** Data to use follows **

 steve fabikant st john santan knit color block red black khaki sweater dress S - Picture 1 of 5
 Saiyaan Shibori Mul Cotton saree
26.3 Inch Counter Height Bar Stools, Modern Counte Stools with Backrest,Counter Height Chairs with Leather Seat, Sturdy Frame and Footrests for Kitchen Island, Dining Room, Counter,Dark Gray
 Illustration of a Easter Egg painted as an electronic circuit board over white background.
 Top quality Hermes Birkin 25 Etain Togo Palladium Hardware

** End of Data to use **
** Data to use follows **

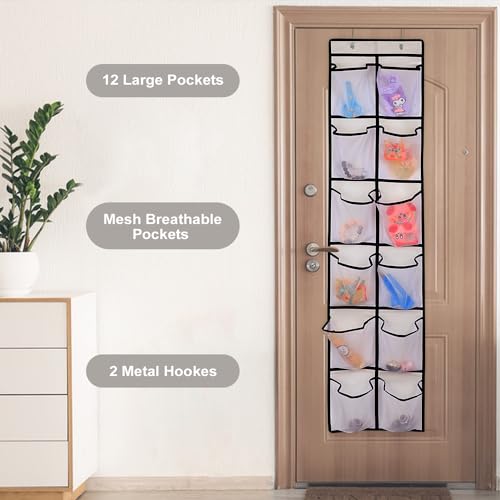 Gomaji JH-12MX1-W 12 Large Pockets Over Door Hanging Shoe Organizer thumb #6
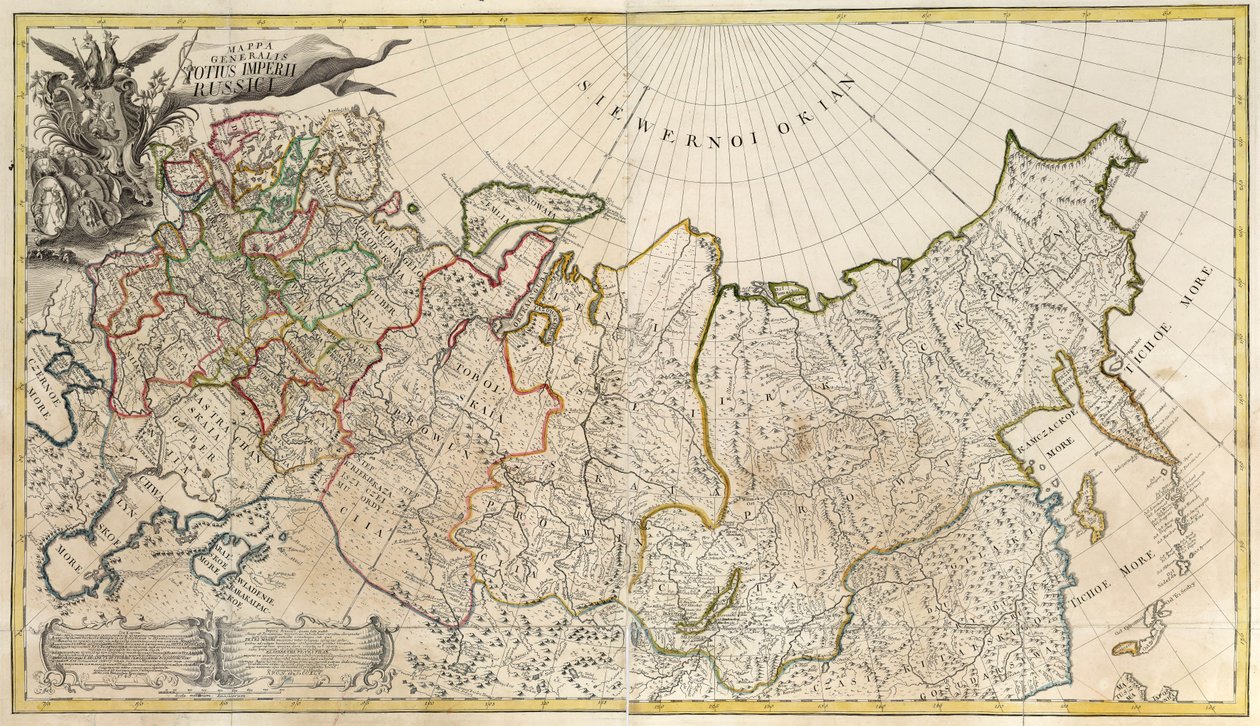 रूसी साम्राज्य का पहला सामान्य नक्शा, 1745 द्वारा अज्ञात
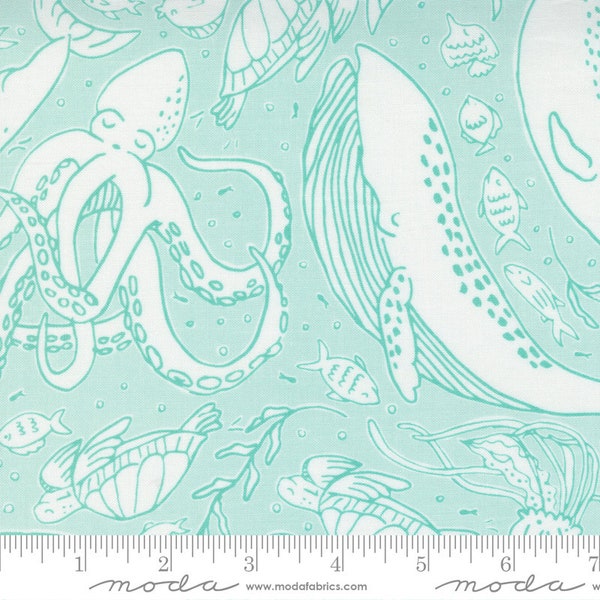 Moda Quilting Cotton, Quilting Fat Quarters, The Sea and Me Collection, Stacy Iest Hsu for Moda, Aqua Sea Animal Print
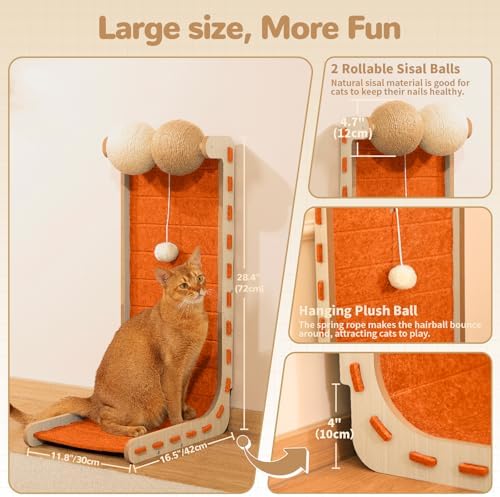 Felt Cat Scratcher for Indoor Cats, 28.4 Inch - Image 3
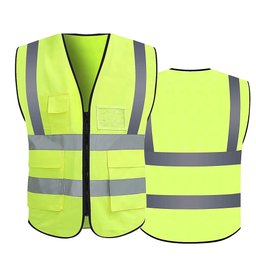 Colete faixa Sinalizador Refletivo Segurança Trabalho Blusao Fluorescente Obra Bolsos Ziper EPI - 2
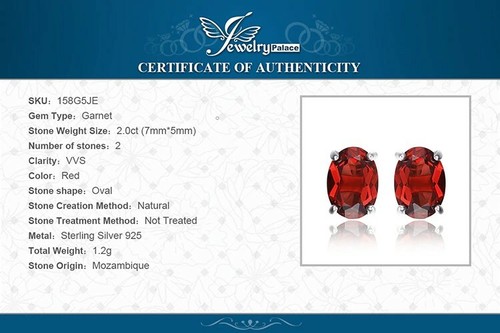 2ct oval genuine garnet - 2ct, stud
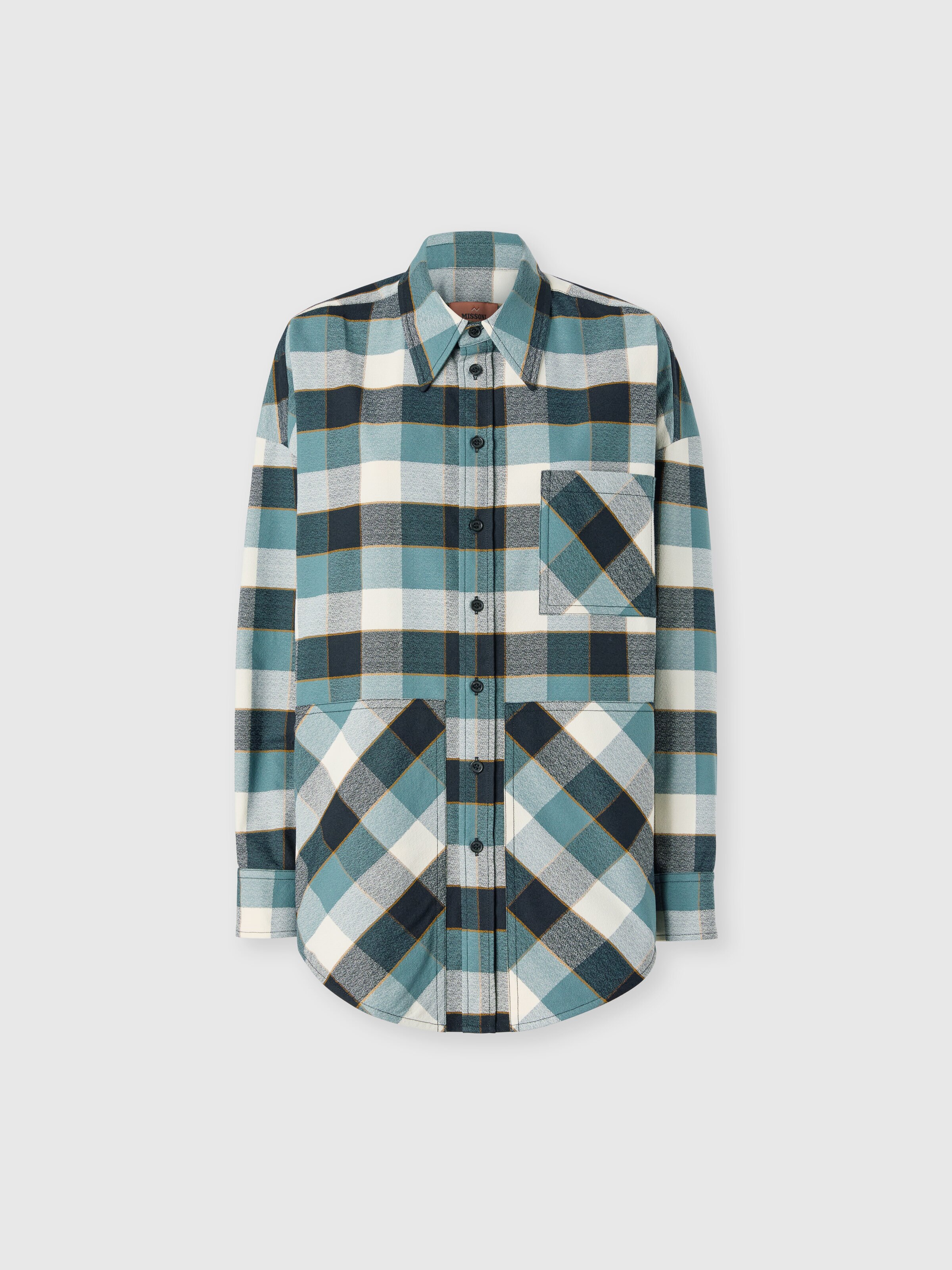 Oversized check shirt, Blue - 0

** End of Data to use **

# [Exercise]
Though the entries above contain pictures, none should be copied; reproduce only the lines between the one holding "रूसी साम्राज्य का" and the one holding "Oversized check shirt, Blue - 0", inclusive, exactly as written.

# [Solution to the problem]
 रूसी साम्राज्य का पहला सामान्य नक्शा, 1745 द्वारा अज्ञात
 Moda Quilting Cotton, Quilting Fat Quarters, The Sea and Me Collection, Stacy Iest Hsu for Moda, Aqua Sea Animal Print
 Felt Cat Scratcher for Indoor Cats, 28.4 Inch - Image 3
 Colete faixa Sinalizador Refletivo Segurança Trabalho Blusao Fluorescente Obra Bolsos Ziper EPI - 2
 2ct oval genuine garnet - 2ct, stud
 Oversized check shirt, Blue - 0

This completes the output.